Malaysian Law Minister Wan Junaidi Tuanku Jaafar Friday announced the state’s abolition of the mandatory death penalty and replacement with “substitute punishments” at the courts’ discretion.
The Attorney General’s Chambers, Legal Affairs Division, Prime Minister’s Department and Ministries in collaboration will conduct research and study on the proposed substitute punishment to make certain that the amendments to the relevant acts take into account the principles of “proportionality” and the constitutionality of any proposal. Law Minister Jaafar said “the government’s decision shows commitment in ensuring the protection of the guaranteed rights, reflecting the transparency of the country’s leadership in improving the dynamic criminal justice system.”

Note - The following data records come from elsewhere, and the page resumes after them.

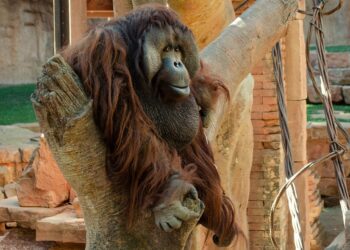 Fallece Peek, el macho orangután de Borneo de Bioparc Fuengirola
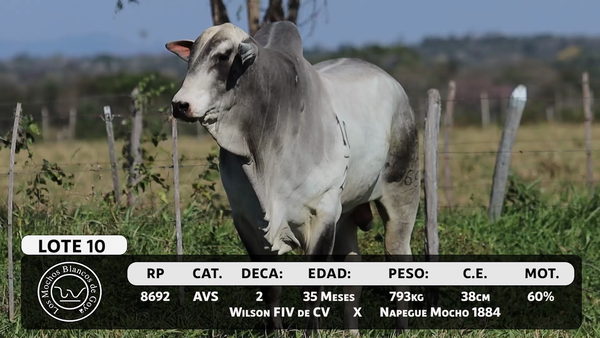 Lote LOTE 10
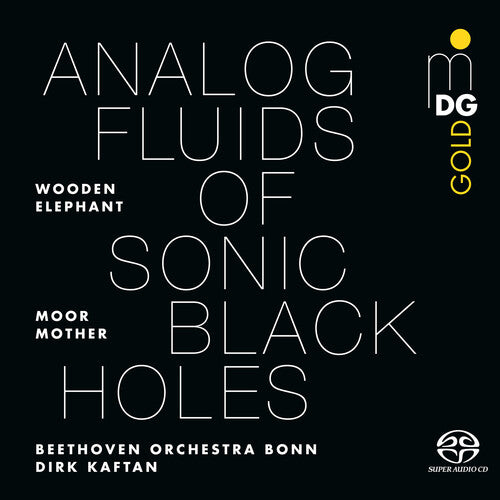 Moor Mother: Analog Fluids of Sonic Black Holes [ Record ]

Phil Robertson, Deputy Asia director of Human Rights Watch, supported the decision and said,
Malaysia’s public pronouncement that it will do away with the mandatory death penalty is an important step forward, especially when one considers how trends on capital punishment are headed in precisely the opposite direction in neighbouring countries like Singapore, Myanmar, and Vietnam. We need to see Malaysia pass the actual legislative amendments to put this pledge into effect because we have been down this road before, with successive Malaysian governments promising much on human rights but ultimately delivering very little.
Amnesty International says 33 offenses are punishable by death in Malaysia and is used mostly for murder and drug trafficking. Before the Law Minister’s announcement, 12 offenses carried a mandatory death sentence, including murder and discharge of a firearm during the commission of an offense. In July 2018, the government of Prime Minister Mahathir Mohamad implemented a moratorium on executions.